Detect facial action units and landmarks.

Parameters:
  • frame (numpy.ndarray or torch.Tensor) – Batch of B frames containing RGB values with dimensions (B, H, W, 3).

  • boxes (numpy.ndarray or list) – Batch of B bounding boxes of the N detected faces as (x1, y1, x2, y2) coordinates with dimensions (B, N, 4) or list of B elements with (N, 4).

Returns:

  • landmarks (list) – Batch of B facial landmarks for N detected faces as (x, y) coordinates with dimensions (68, 2). Is None if a frame contains no faces.

  • aus (list) – Batch of B action unit activations for N detected faces with dimensions (N, 20). Is None if a frame contains no faces.

compute_confidence(embeddings: numpy.ndarray, labels: numpy.ndarray) numpy.ndarray[source]

Compute face label classification confidence.

Parameters:
Returns:

confidence – Confidence scores between 0 and 1. Returns numpy.nan if no label was assigned to a face.

Return type:

numpy.ndarray

apply(filepath: str, batch_size: int = 1, skip_frames: int = 1, process_subclip: Tuple[Optional[float]] = (0, None), show_progress: bool = True) mexca.data.VideoAnnotation[source]

Apply multiple steps to extract features from faces in a video file.

This method subsequently calls other methods for each frame of a video file to detect and cluster faces.

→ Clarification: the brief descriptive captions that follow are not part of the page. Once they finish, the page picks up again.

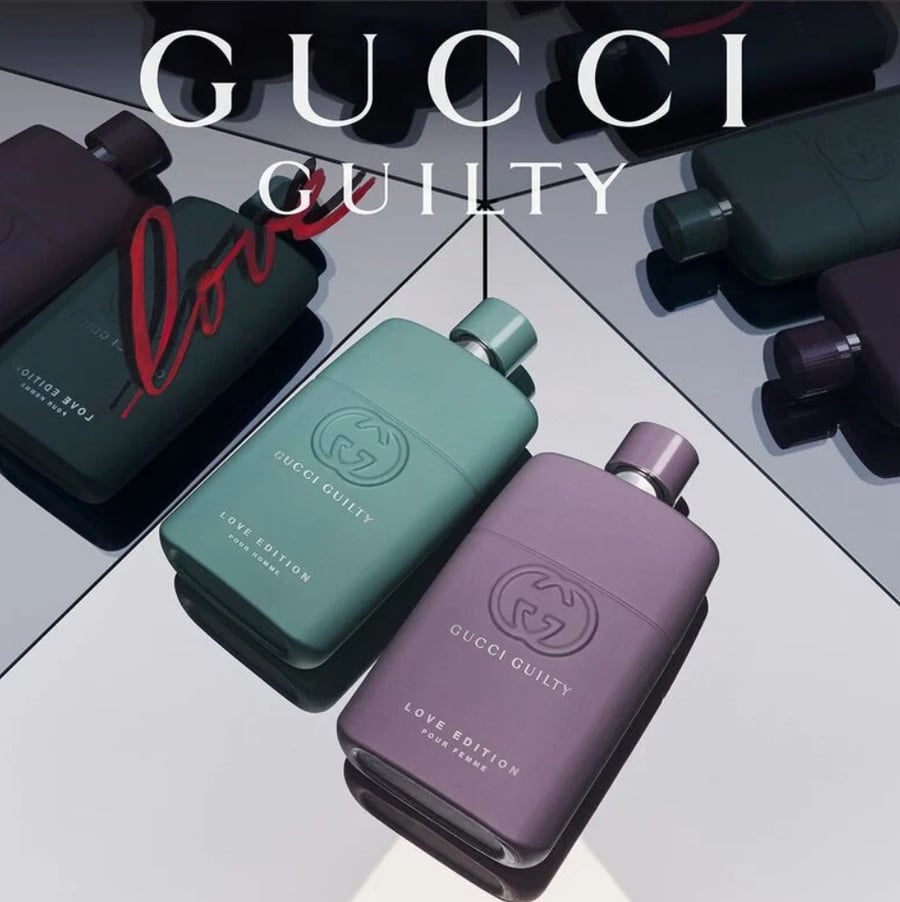 عطر قوتشي غيلتي لوف إديشن الرجالي أو دو بارفيوم 90 مل – Gucci Guilty Love Edition Pour Homme EDP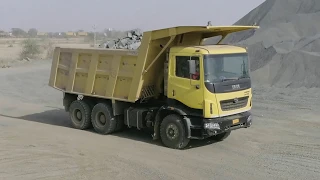 Tata Prima Lx 2530.K Tipper: Overview | Best Mining Tipper Trucks | Tata Motors
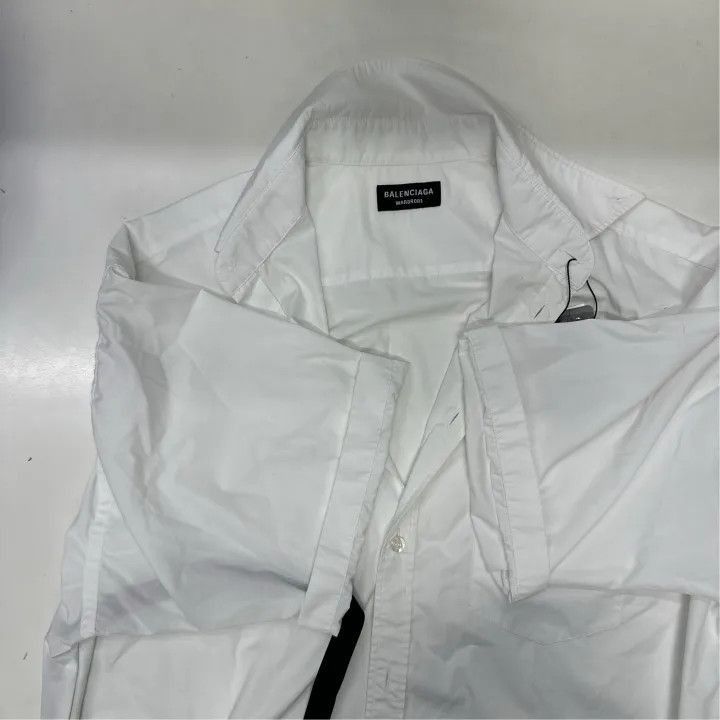 Balenciaga Balenciaga Balenciaga BB ICON Short Sleeve Casual Shirt -2 Size US M / EU 48-50 / 2 - 6 Thumbnail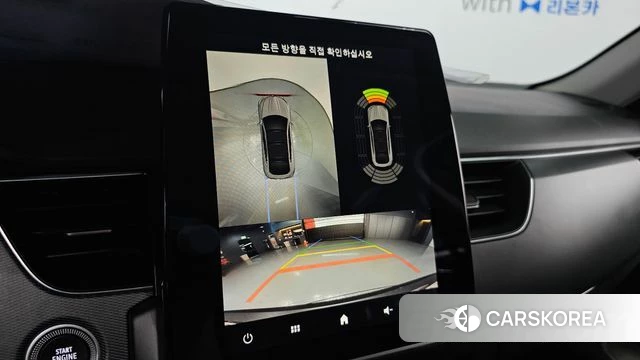 Renault Korea (Samsung) XM3 2020 Серебристо-серый из Кореи, фото 5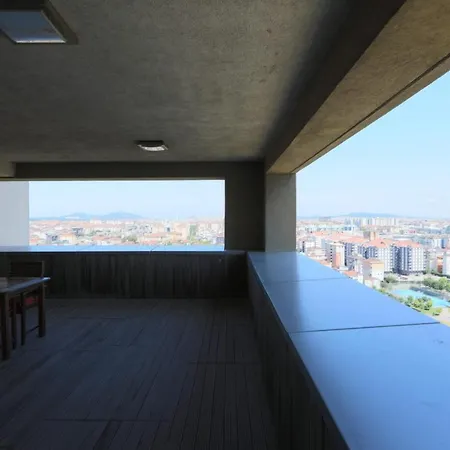 Vibrant Residance Flat With City View In Umraniye *
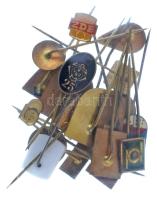 20db-os vegyes külföldi (főleg csehszlovák) jelvénytétel T:vegyes
20pcs mixed foreign (mostly from ...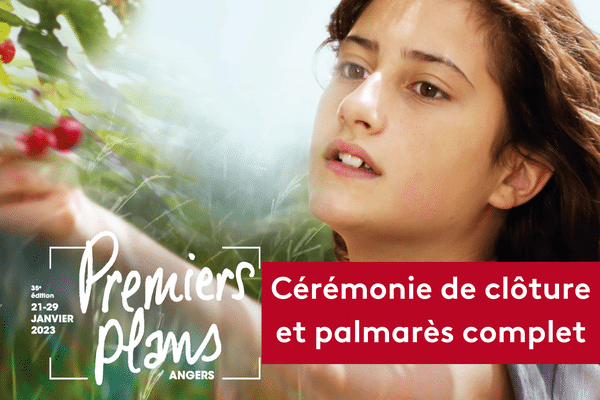 Revoir la cérémonie de clôture et le palmarès de la 35e édition du festival Premiers Plans d'Angers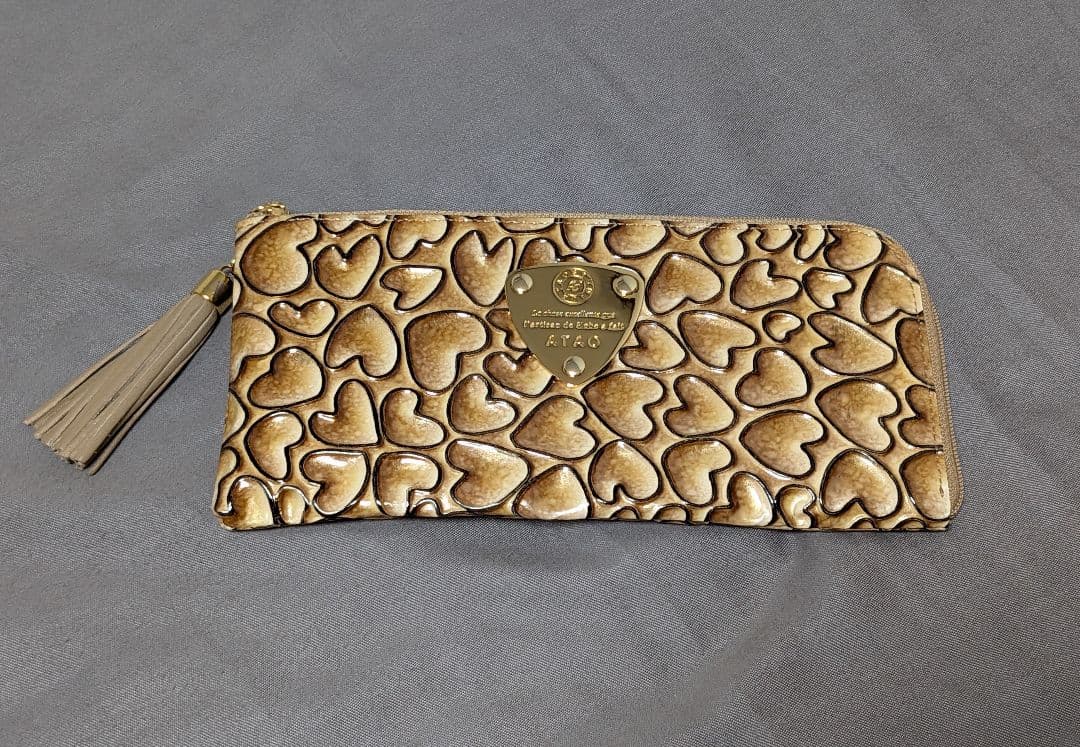 アタオ 長財布 limo(リモ)ハッピーヴィトロ プリマ ハッピーシャワー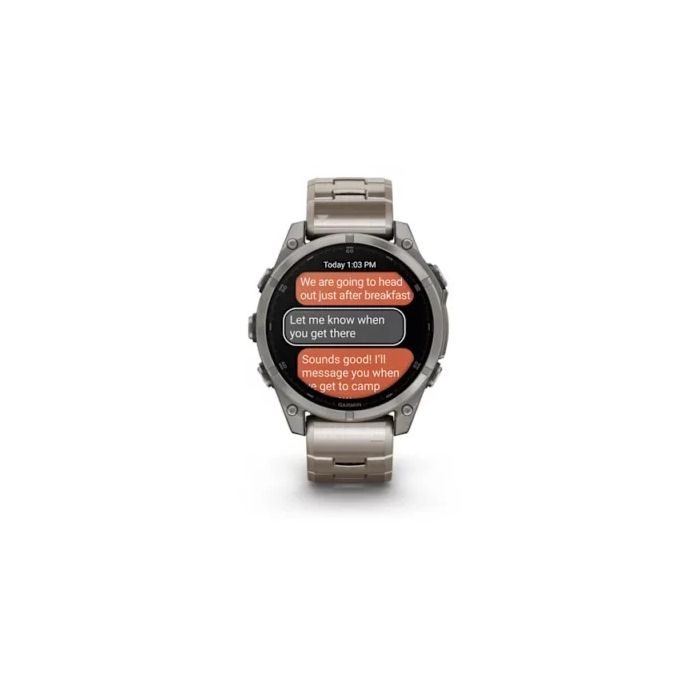 Fenix 8 – 47 mm AMOLED Sapphire with Vented bracelet — 5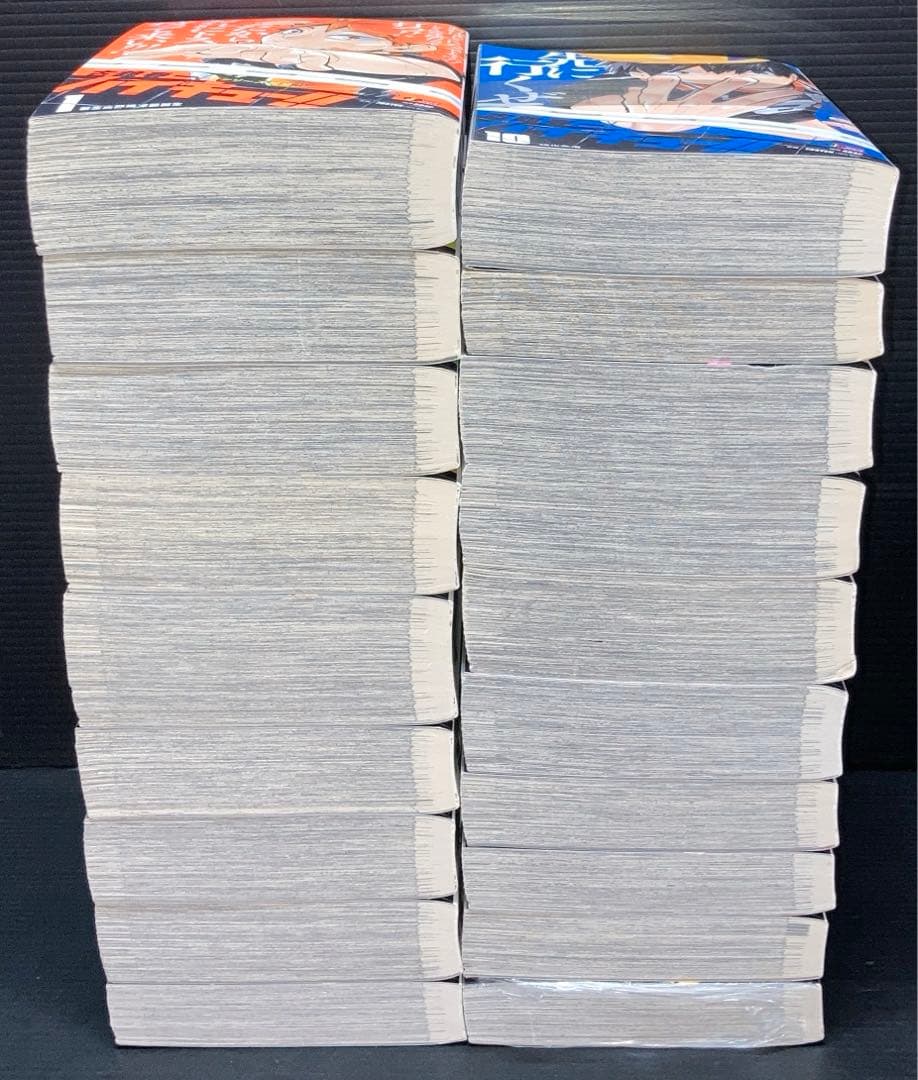 ハイキュー!! 1-19巻 全巻 コンビニ版 新品 未使用品 あり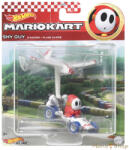Mattel : Mario Kart : Shy Guy B-Dasher + Plane Glider fém gokart vitorlázóval (HDB46)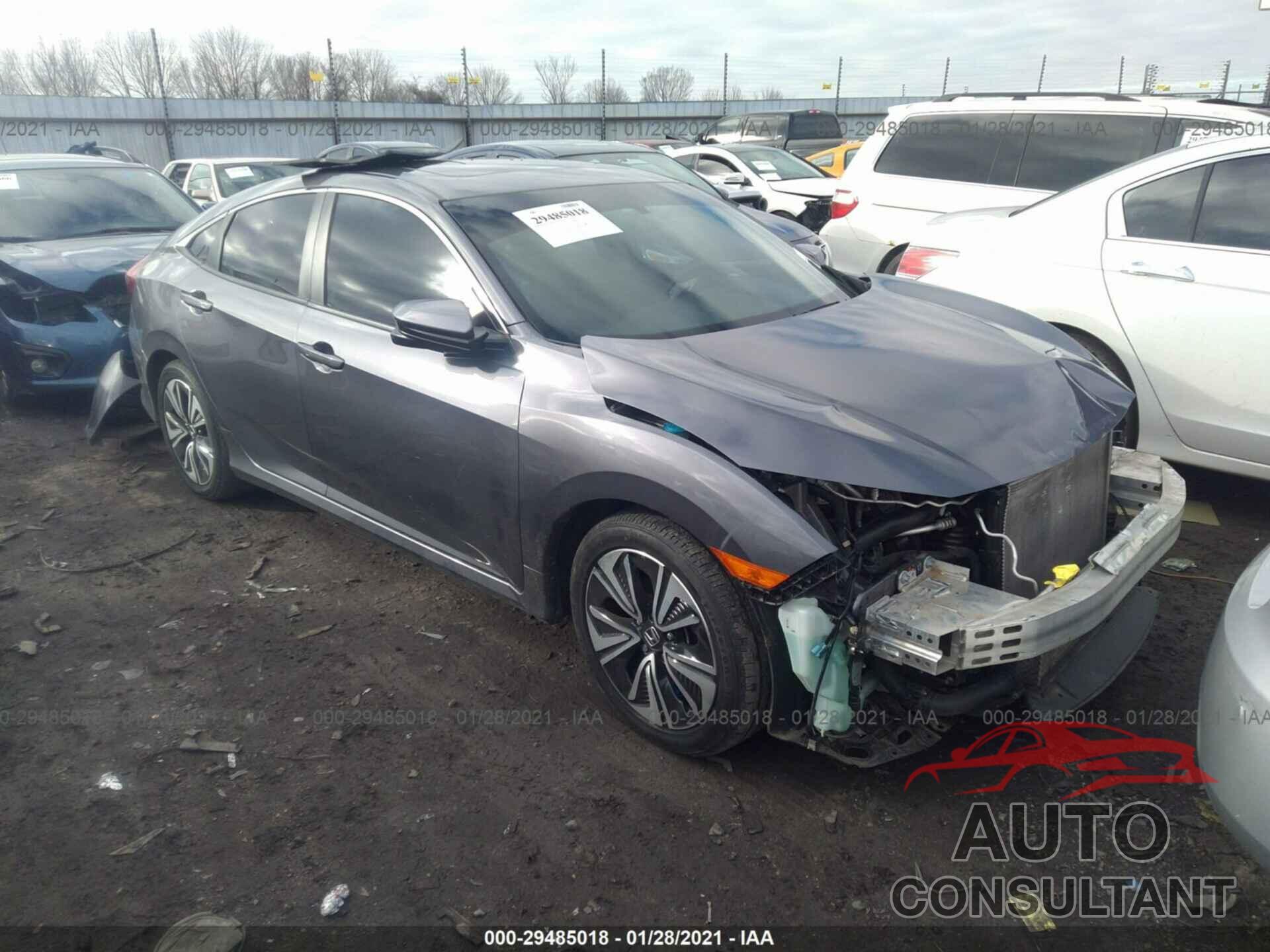 HONDA CIVIC SEDAN 2017 - 19XFC1F73HE027501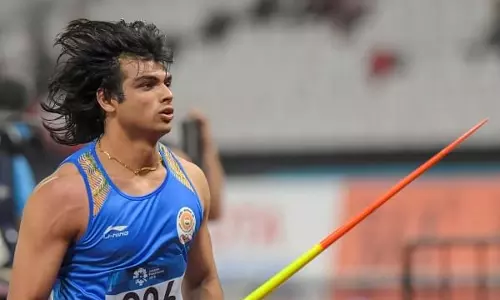 ചരിത്രമെഴുതി നീരജ് ചോപ്ര; ഒളിമ്പിക്സ് അത്‌ലറ്റിക്സില്‍ ഇന്ത്യയ്ക്ക് ആദ്യ സ്വർണം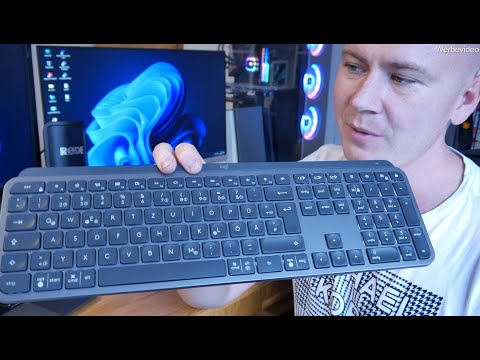 Logitech MX Keys Plus & MX Anywhere 3 I Maus & Tastatur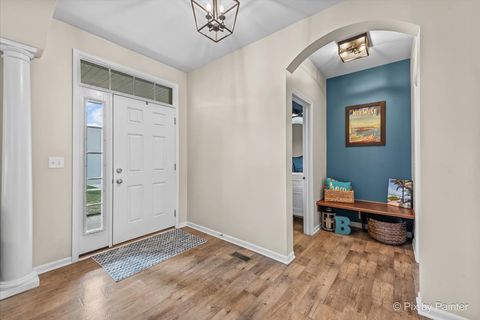 Tiny photo for 12484 Carver Lane, Huntley, IL 60142 (MLS # 12483468)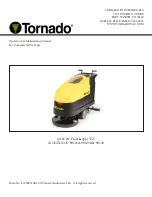 Tornado 99105A Operation & Maintenance Manual preview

It also extracts facial landmarks and action units.

Parameters:
  • filepath (str) – Path to the video file.

  • batch_size (int, default=1) – Size of the batch of video frames that are loaded and processed at the same time.

  • skip_frames (int, default=1) – Only process every nth frame, starting at 0.

  • process_subclip (tuple, default=(0, None)) – Process only a part of the video clip. Must be the start and end of the subclip in seconds.

  • show_progress (bool, default=True) – Enables the display of a progress bar.

Returns:

A data class object with extracted facial features.

Return type:

VideoAnnotation

mexca.video.cli()[source]

Command line interface for extracting facial features. See extract-faces -h for details.